Web Information Extraction and Retrieval

Web is almost an unlimited source of information. Using search engines such as Google, Bing and similar we can easily find web pages with possibly relevant information. The number of returned pages would usually however be very large which does not allow for manual processing. The solution to this are computer programs that are able to find and extract relevant information from possibly very large number of non-structured or semi-structured documents and return results in structured form.

COURSE GOAL

The main objective of this course is to teach students about how to develop programs for web search (including surface web and deep web search) and for extraction of structural data from both, static and dynamic web pages. Beside basic concepts of the web search and retrieval, students will learn about relevant techniques and approaches.
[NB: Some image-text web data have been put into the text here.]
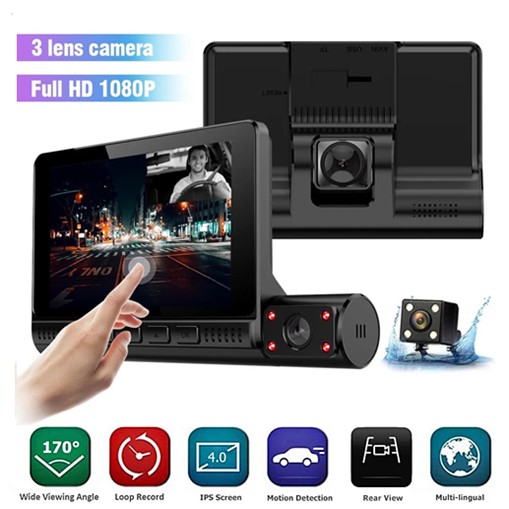 รถ-dvr-4-นิ้ว-dash-cam-3-กล้องเลนส์-dual-lens-full-hd-1080p-หน้าจอสัมผัส-แถมฟรีเมม-16gb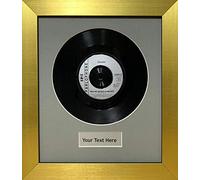 Kwik Picture Framing Ltd 7 Inch Vinyl Record Frame With Personalised Text Insert | Single LP Wall Display Frame With Perspex Front Panel And MDF Backing Board | Grey Mount And Gold Frame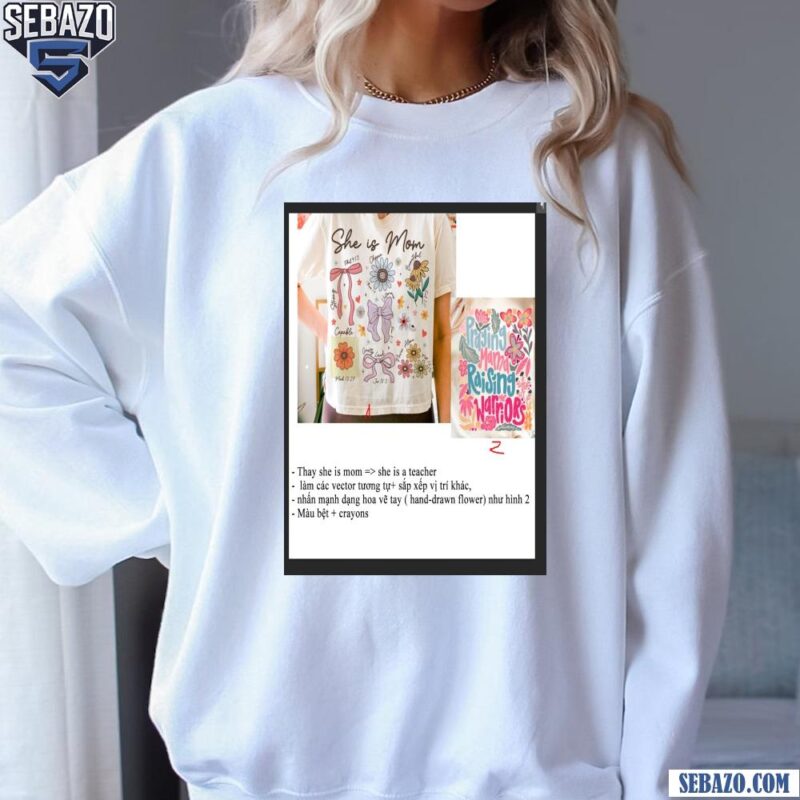 Boho Floral Teacher Life Wildflowers Shirt sweatshirt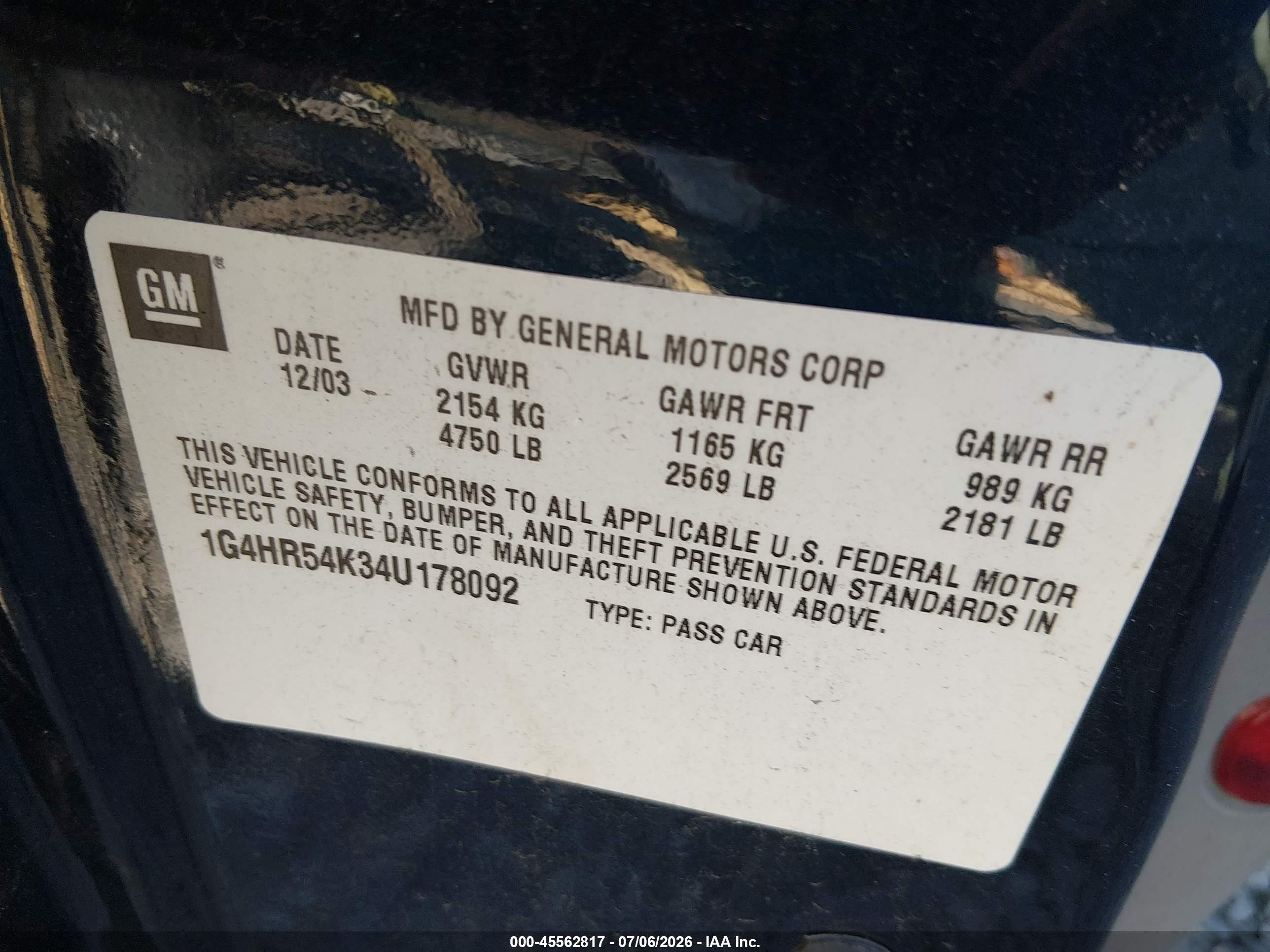 2004 Buick Lesabre Limited Dark Blue vin: 1G4HR54K34U178092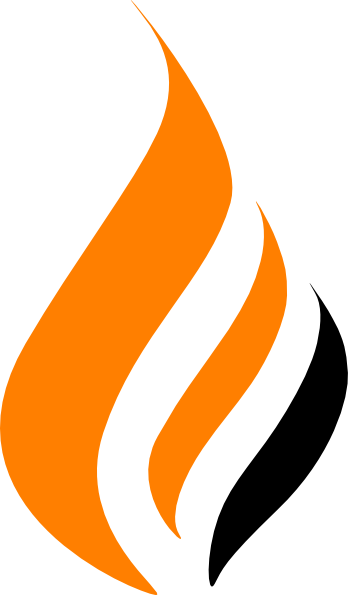 Orange Black Flame Clip Art At Clker - Black And Orange Flame (348x595), Png Download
After the course, if successful, students will be able to develop programs for automatic web search and structured data extraction from web pages (including search and extraction from on-line social media).

COURSE CONTENT

The main topics that will be addressed within the course are:

Information Retrieval and Web Search (Basic Concepts of Information Retrieval, Information Retrieval Models, Relevance Feedback, Evaluation Measures, Text and Web Page Pre-Processing, Inverted Index and Its Compression, Latent Semantic Indexing, Web Search, Meta-Search...)
Web Crawling (A Basic Crawler Algorithm, Implementation Issues, Universal Crawlers, Focused Crawlers, Topical Crawlers),
Structured Data Extraction (Wrapper Induction, Instance-Based Wrapper Learning, Automatic Wrapper Generation, String Matching and Tree Matching, Multiple Alignment, Building DOM Trees, Extraction Based on a Single List Page or Multiple Pages...)

REQUIRED KNOWLEDGE

It is expected from students that they know at least basics of program languages and technologies such as, Java, JavaScript, Python, HTML, CSS, web page structure.

COURSE GRADING

For a positive grade at this course students are expected to successfully finish three projects (seminars) and written examination (at least 50% of all points) .